NOAA informó el 13 de agosto que El Niño se había fortalecido, con anomalías superiores a +2,0 °C en el Pacífico ecuatorial oriental y una probabilidad superior al 90 % de convertirse en un evento muy fuerte durante el otoño e invierno de 2026-2027 en el hemisferio norte. El índice Niño 3.4 alcanzó +1,4 °C en julio. Esta señal no determina por sí sola el tiempo de cada localidad, pero puede reorganizar patrones de lluvia, temperatura y circulación atmosférica a escala mundial.

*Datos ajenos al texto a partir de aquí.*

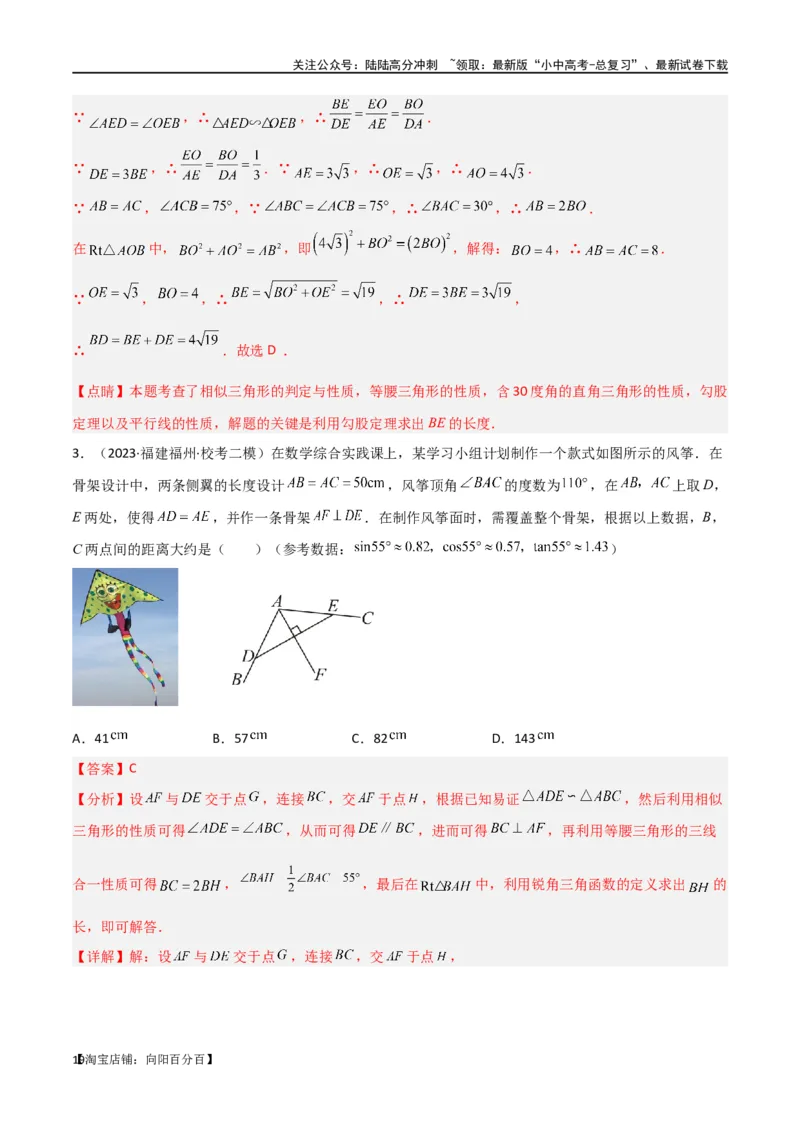 专题19相似三角形重要模型之（双）A字型与（双）8字型（解析版）_02中考总复习（2026版更新中）_02-数学-中考总复习_2024年中考复习资料_专项复习资料_答案解析版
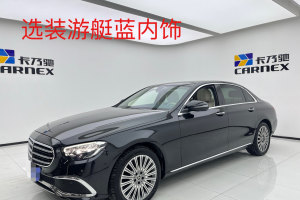 奔驰E级 奔驰 改款 E 300 L 时尚型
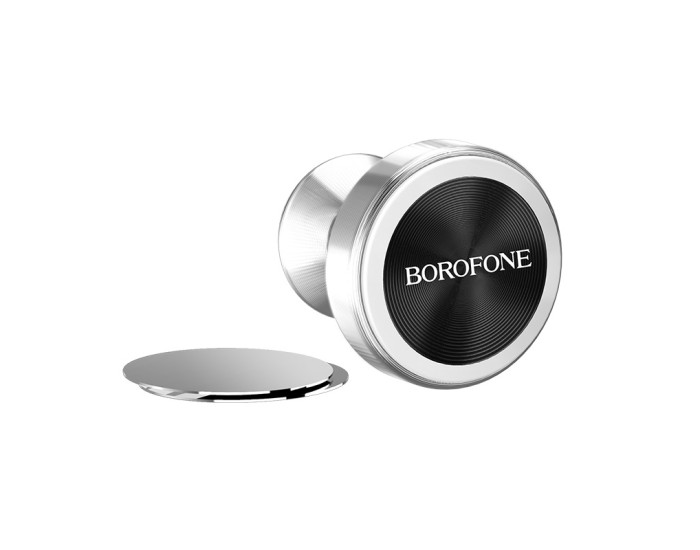 Автотримач магнітний Borofone BH5 Platinum Metal Silver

Perspectiva para los próximos 7–14 días

La prioridad será vigilar la evolución de El Niño, las temperaturas del océano, el peligro de incendios y las reservas hídricas regionales. El calor acumulado en el mar favorece anomalías térmicas y puede incrementar la disponibilidad de humedad para tormentas intensas, mientras los suelos secos responden con rapidez a nuevas olas de calor. No existe una única previsión válida para todo el planeta: autoridades meteorológicas, hidrológicas y de protección civil deben guiar las decisiones locales. Los indicadores actuales aconsejan reforzar alertas tempranas, ahorro de agua y prevención de incendios sin convertir las tendencias globales en pronósticos automáticos para una ciudad concreta.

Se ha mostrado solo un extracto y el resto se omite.